Jan 23, 2020 | 2:40 PM

OUR CONNECTION TO THE INTERNET seems so ethereal – it’s as though data materializes out of thin air. This illusion is a result of the final hop of our connection to the internet.

I find the illusion compelling, especially when it comes to travel outside of Canada. Before the internet was readily available, I would travel with a short wave radio and string up an antenna to get news over the airwaves from home.

Now my computer substitutes for my short wave radio and the internet substitutes for the airwaves. I listen to thousands of radio stations around the world on my computer with no fading in and out. It’s easy to think of the internet as a medium of the air.

The notion of our data being in the “cloud” furthers that illusion. But, in fact, the cloud couldn’t be more grounded. The servers that provide data storage exist in concrete bunkers around the world. One of them is on Bunker Road in Kamloops. It’s owned by Q9, a Canadian company running data centres across the country.

“There is no cloud,” says Nicole Starosielski, author of The Undersea Network and adds:

“The cloud is in the ocean. It’s on the bottom of the sea floor. It goes through deep sea trenches. It goes through reefs amongst fish. It’s subject to undersea landslides. That’s where the internet is,” she told CBC Radio’s Spark. “The only time that the internet really is in the air is in that last hop when it goes from your router to your computer or from a cell tower to your phone.”
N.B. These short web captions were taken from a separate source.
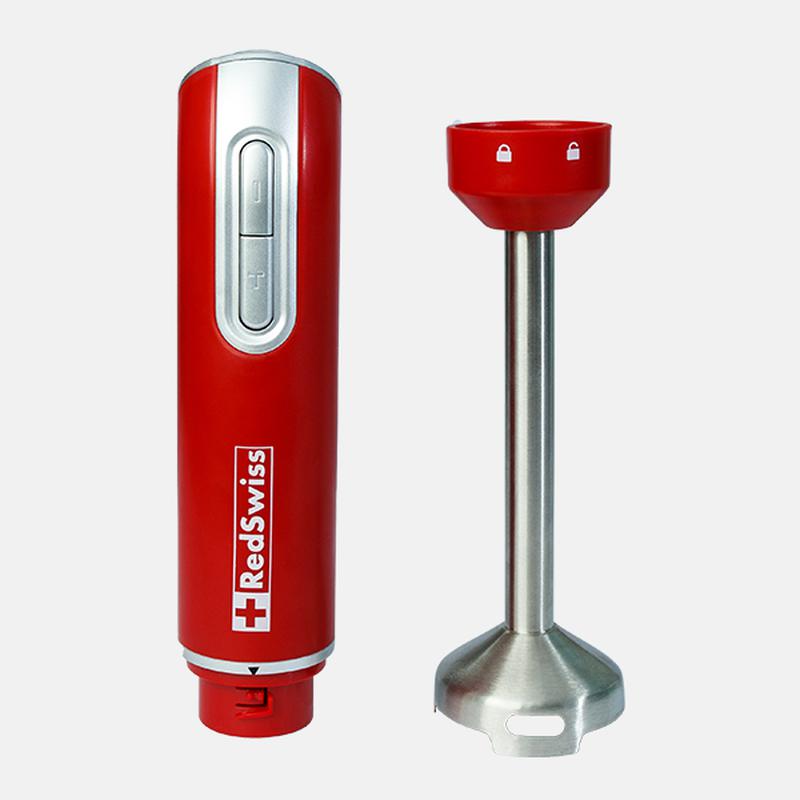Picture of RedSwiss Hand Blender RSHB-202R 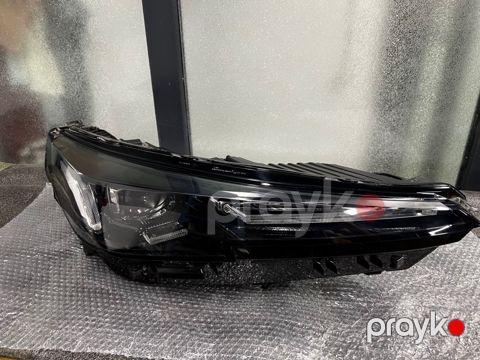 Changan Q05 Ön Fara — Bakı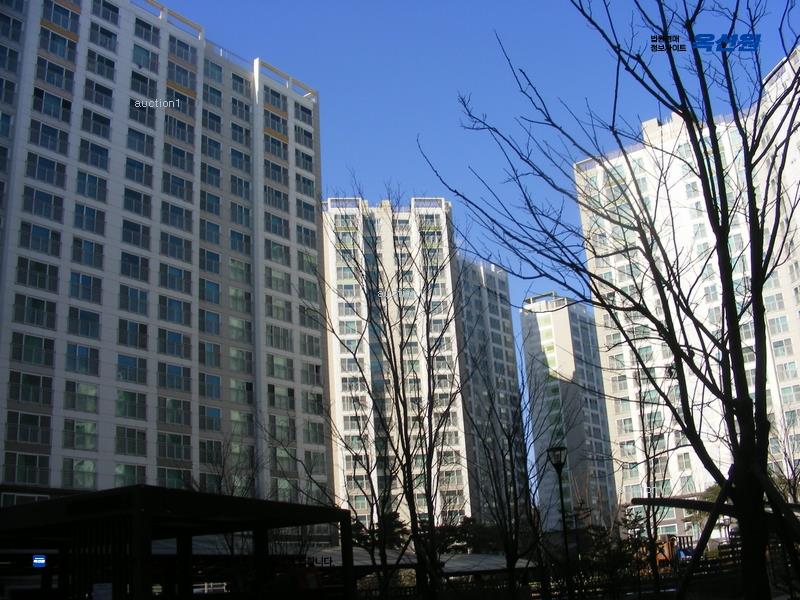 2025타경41695 경기도 평택시 추담로 58-78, 평택장안마을코오롱하늘채 1005동 18층 1804호 아파트[공급42평형] 경매 이미지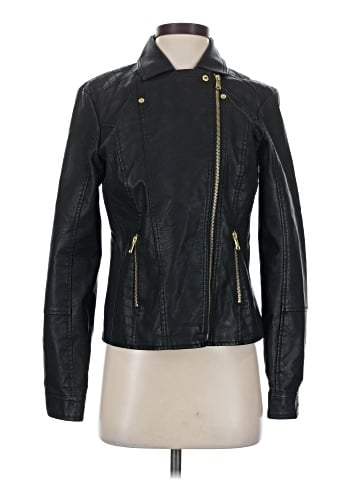 Baccini Jacket (view 1)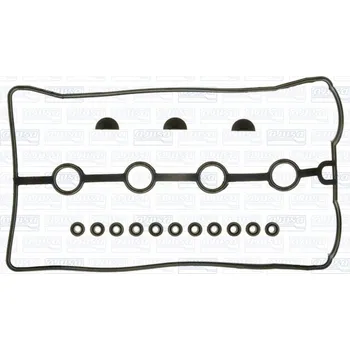 Těsnění motoru Sada těsnění, kryt hlavy válce AJUSA 56030000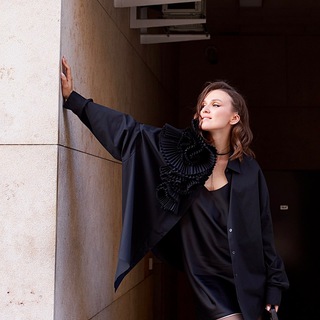 Telegram profile photo for GIRL’S book&fashion CLUB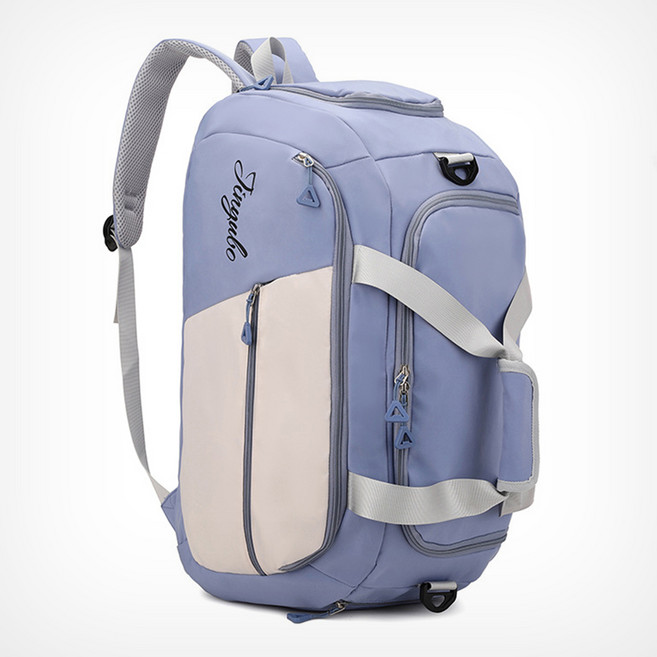 보니보따리 바게트 캐주얼 보스턴 여행 스포츠 백팩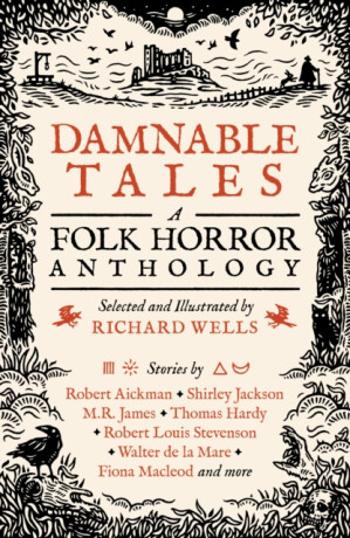 Damnable Tales - Richard Wells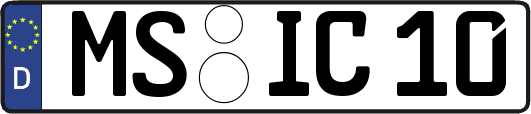 MS-IC10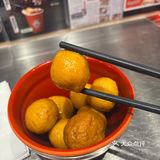 🆕👀打工人下班宝藏觅食地｜淮海巴黎春天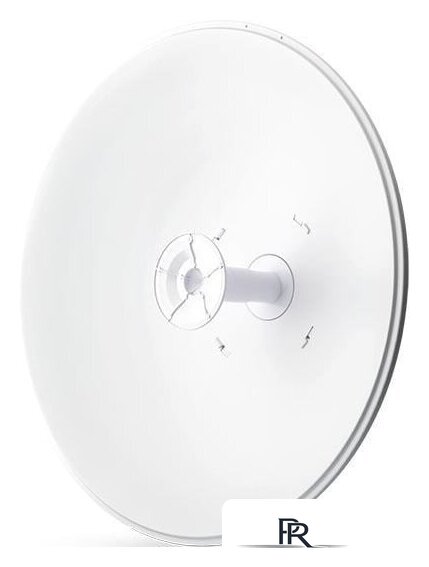 Антенна для беспроводной связи Ubiquiti RocketDish 5G-30 LW - Изображение №1 — Интернет-магазин ПроЗаказ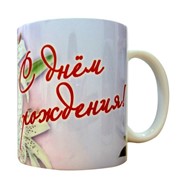 Нанесение рисунков на сувенирной продукции фото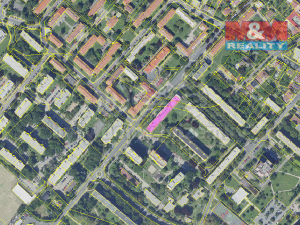 Prodej bytu 3+1, Kolín - Kolín II, Benešova, 64 m2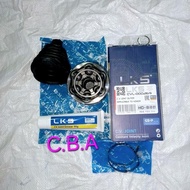 CV JOINT OUT OUTER AXLE BRIO SATYA L12 2013-2016 1,200CC HO 888 LKS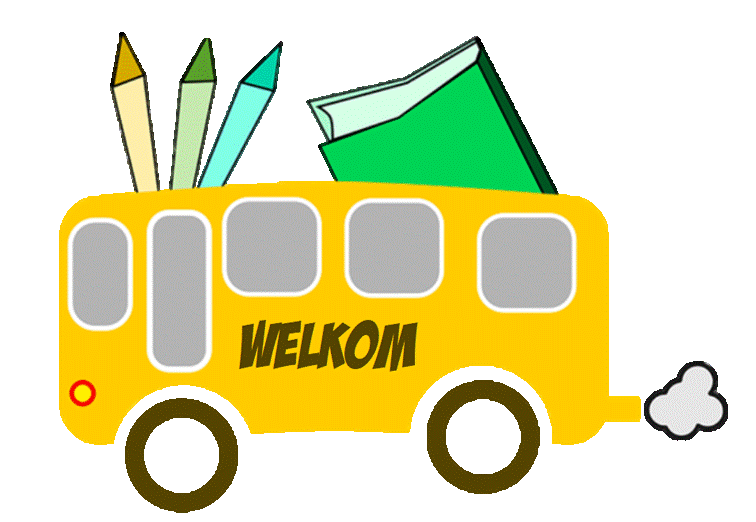 Logo bus website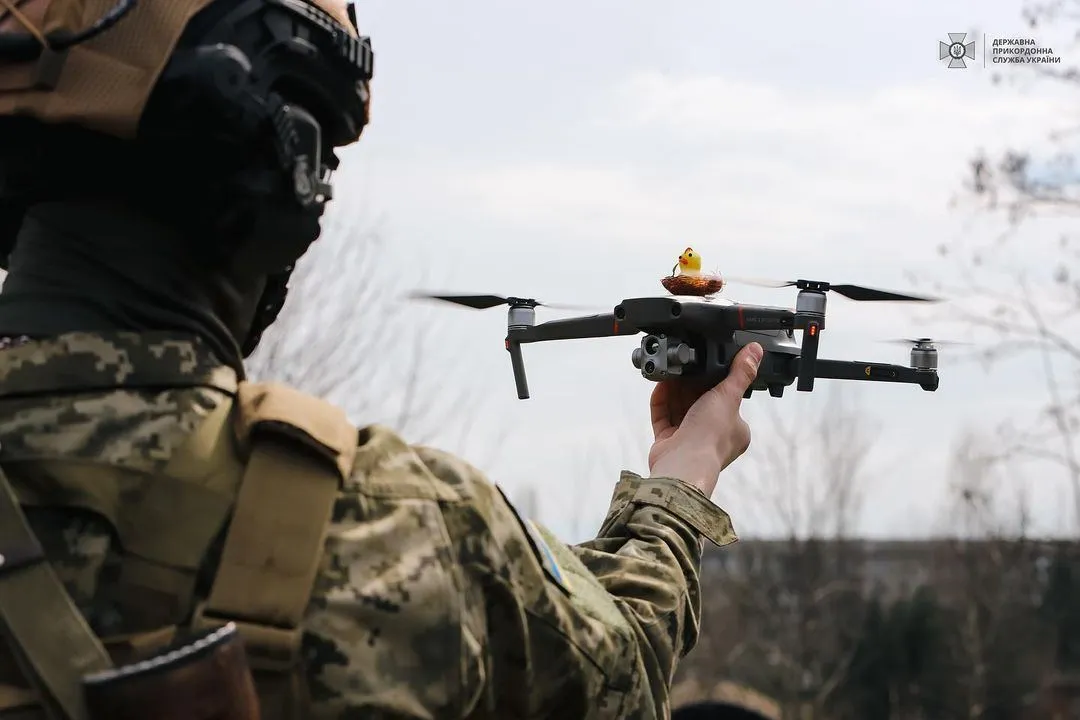 "Творим победу сами": Зеленский показал, что делают воины ВСУ на Пасху. Фото dqxikeidqxidqeant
A casual look at a globe affirms that notion: seventy per cent is covered by water. Even then, considering the expense of laying cables, I would have thought that satellites carry most data. It turns out that satellites carry only a small fraction of what undersea cables do.

The fibre-optic cables that carry data though the deepest ocean trenches are fragile: only the size of a garden hose. There are about 300 cable systems that make up the backbone of the internet. And because they go from one country to another though international waters, they’re difficult to protect. If a fishing ship drops anchor on a cable, they wouldn’t even know the havoc they wreak.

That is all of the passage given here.